BEGIN

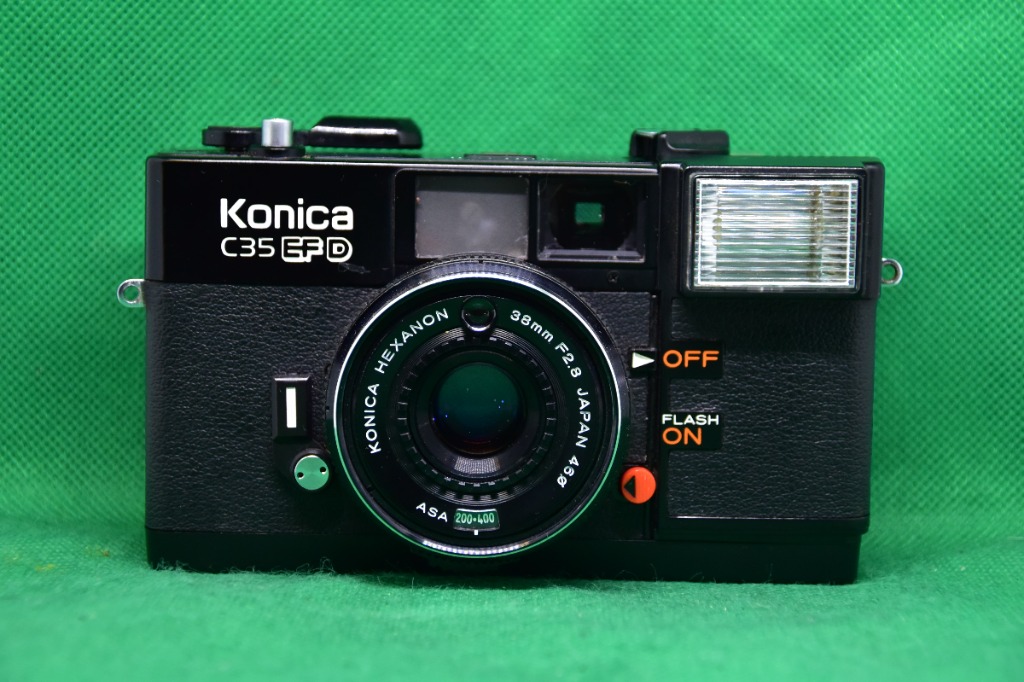 サイズ交換ＯＫ】 Konica c35 EFD 38mm f2.8 JAPAN 46 40年以上
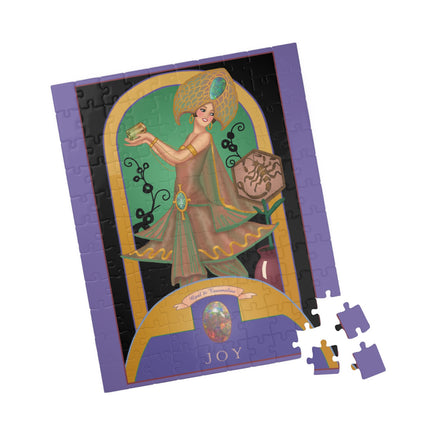 October & Opal, Tourmaline (from the Gem Series) by Sofia Chiostri Puzzle (110, 252, 500-Piece)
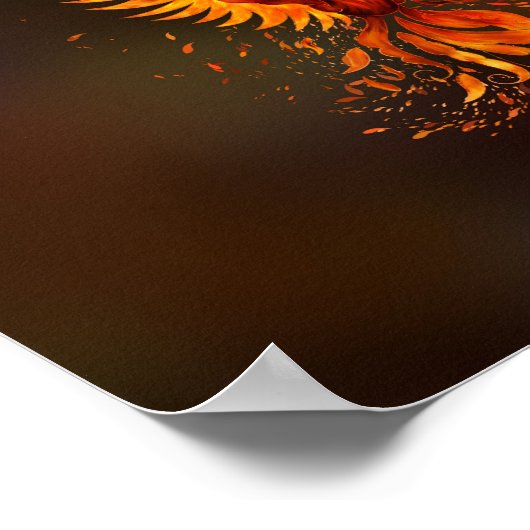 Phoenix Bird Poster (Ecke)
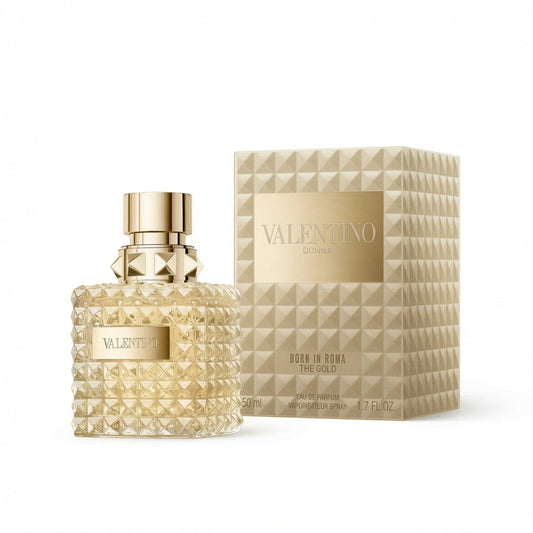Born in Roma the Gold Donna - Valentino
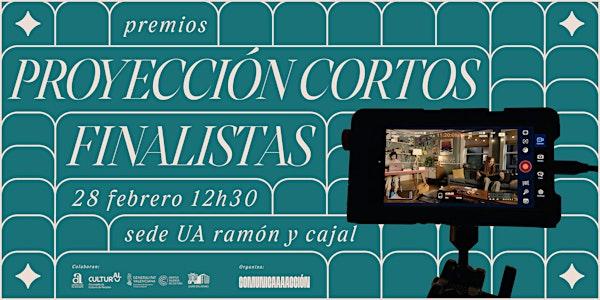 Proyección de cortos finalistas y entrega de premios y diplomas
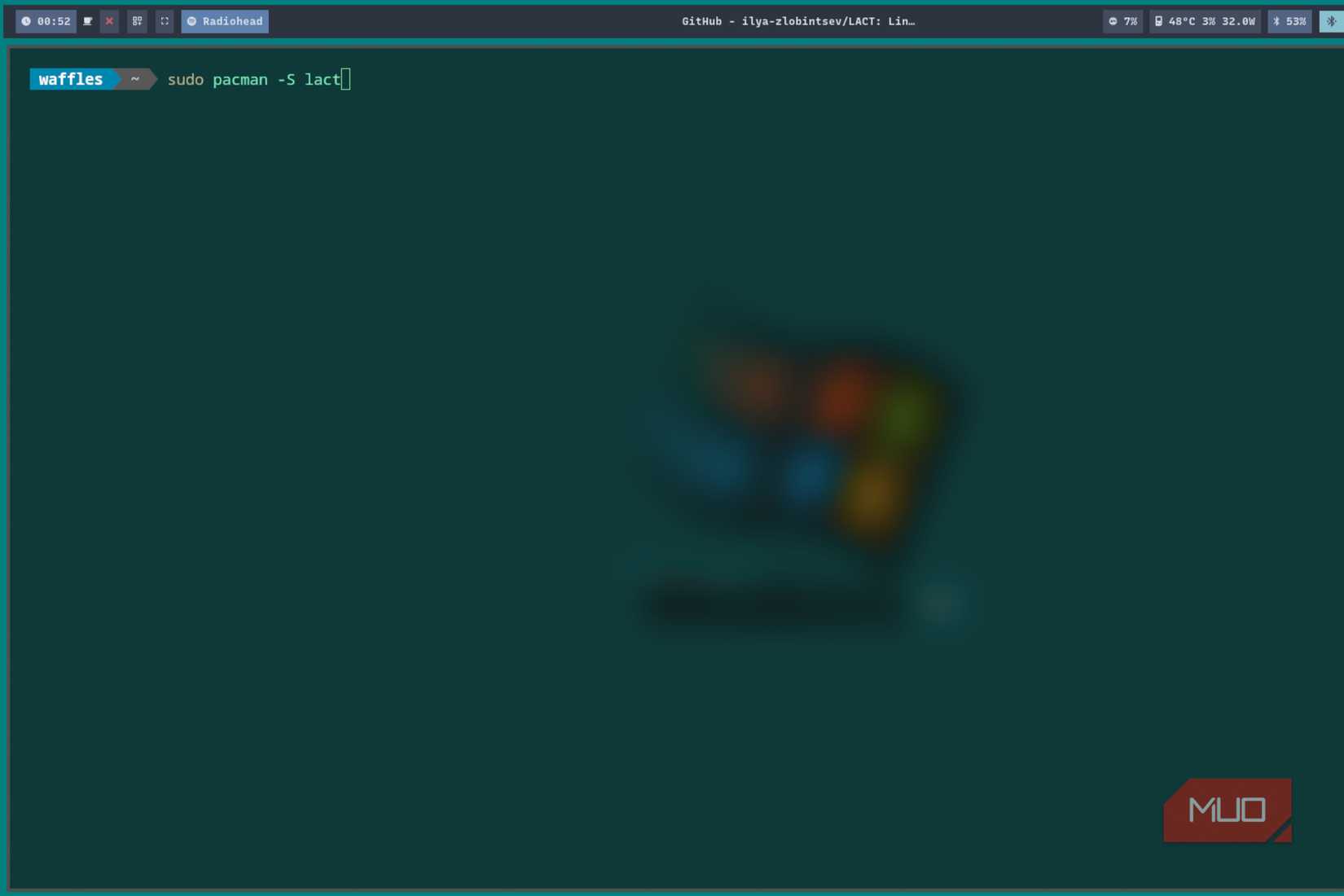 Installing LACT usign Pacman
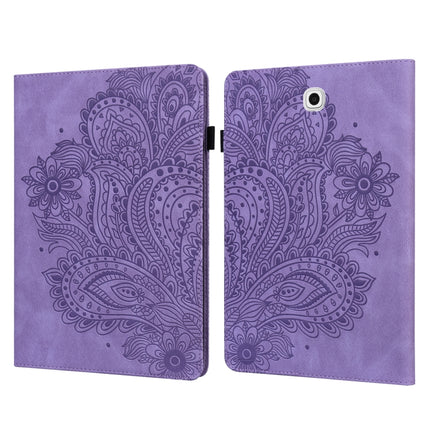 Peacock Embossed Pattern TPU + PU Horizontal Flip Leather Case with Holder & Card Slots & Wallet, For Samsung Galaxy Tab A 10.1 (2016) T580, For Samsung Galaxy Tab S2 9.7 T815, For Samsung Galaxy Tab S8 / Galaxy Tab S7 T875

END

TRY IT:
The entries above need to be transcribed word for word, and the pictures stay out.

REPLY TO THE TASK:
 サイズ交換ＯＫ】 Konica c35 EFD 38mm f2.8 JAPAN 46 40年以上
 October & Opal, Tourmaline (from the Gem Series) by Sofia Chiostri Puzzle (110, 252, 500-Piece)
 Phoenix Bird Poster (Ecke)
Born in Roma the Gold Donna - Valentino
 Proyección de cortos finalistas y entrega de premios y diplomas
 Installing LACT usign Pacman
 Peacock Embossed Pattern TPU + PU Horizontal Flip Leather Case with Holder & Card Slots & Wallet, For Samsung Galaxy Tab A 10.1 (2016) T580, For Samsung Galaxy Tab S2 9.7 T815, For Samsung Galaxy Tab S8 / Galaxy Tab S7 T875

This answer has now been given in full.